MaD HuNGaRIaN wrote:
It's just a probation, and these things happen all the time.
Re Tim Forshey:
I don't think censure and probation are things that "happen all the time" to attorneys. However, because of this thread I've just read through the Disciplinary Commission report and the Hearing Officer's report on Tim Forshey's State Bar discipline case in 2006 and it's pretty clear these are not willful or egregious errors. In fact, both the State Bar (which charged him with the offenses) and the AZ Supreme Court Hearing Officer agreed he was not trying to do anything bad to anyone, in fact both also agreed that in most instances he was "trying to do what he understood was helpful to people."
In one count, for instance, it seems clear that he was trying to help a woman raise funds to pay for the defense of her husband by selling all his guns (he'd become mentally incompetent) and bought a couple of the guns for himself without sufficient documentation of dates and who was in charge of the guns (i.e., did Forshey need sale approval from the husband even though he was in the looney bin?). I'd chalk that up to trying to do what's right in a hurried situation and not being careful enough. It's a dumb thing for an attorney to cut corners, but it seems it was with good intent and would only have helped the client, not hurt.

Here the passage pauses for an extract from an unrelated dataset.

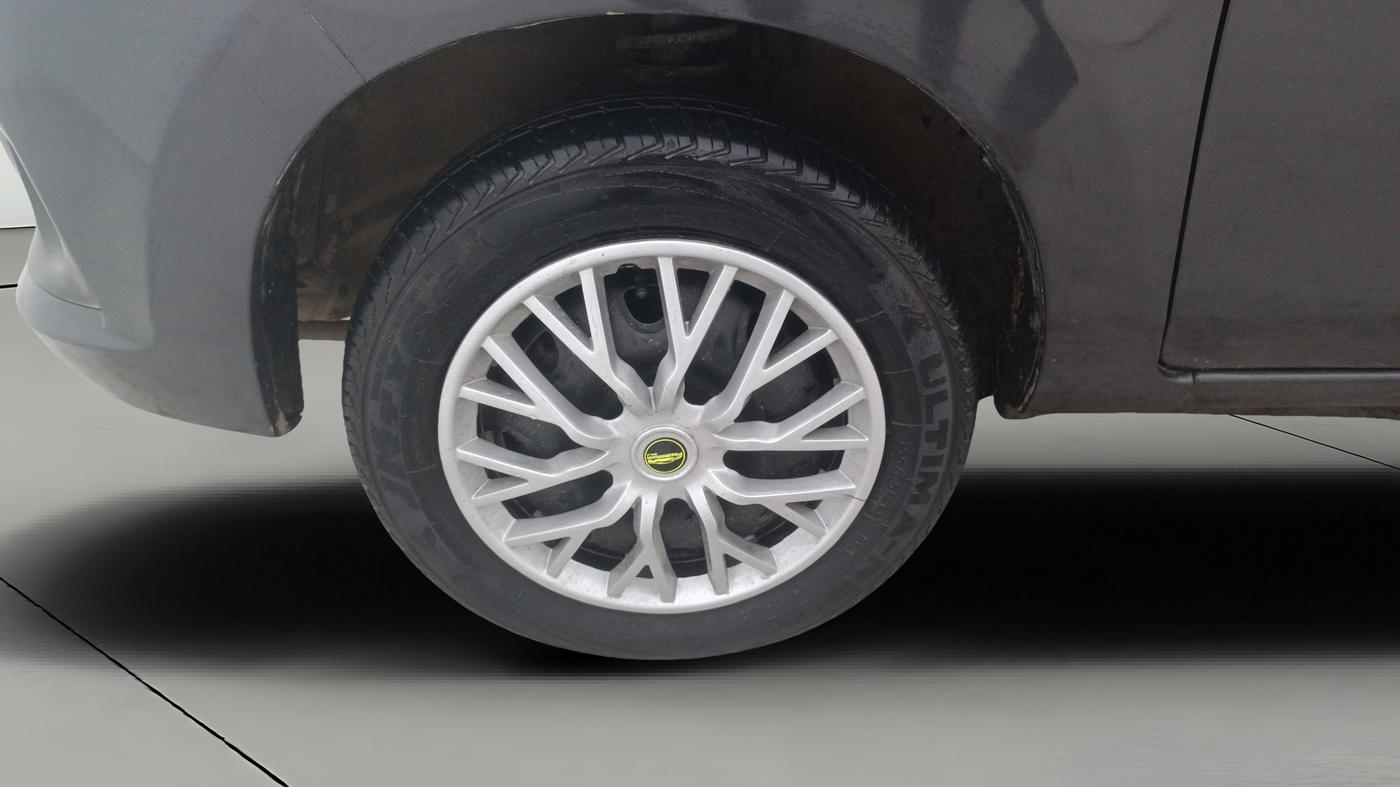 2015 Maruti Alto K10 VXI AMT, Petrol, Automatic, 72,374 km, Left Front Wheel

So, based on the reported findings presented in the Hearing Officer's report I agree he wasn't trying to hurt anyone. But I'd also note that at least two counts involved tardy responses or filings and in a third it appeared to be confusion or lack of knowledge about the intricacies of an intrastate jurisdiction dispute wrapped inside a messy divorce/custody case. Based on the H.O.'s report I'd be inclined to chalk it to lack of diligence, probably from overload that led to some things sliding by -- still ethical lapses, till his fault and being overloaded is no excuse, but not born of malice or anything like that.
Like some others here I met Tim Forshey when he co-taught a CCW class my wife and I took at Scottsdale Gun Club. I was impressed with his knowledge, manner, and the fact that he's a real shooter who really believes in gun rights and self-defense, not just some lawyer who is willing to take gun-related cases. Other than that I don't know him and have never talked with him since, but based on class interaction and 1:1 conversation with him on that one occasion I'd put him near or at the top of my list of lawyers I'd like to have next to me if I were ever involved in a shooting (and every day I pray to God that I won't).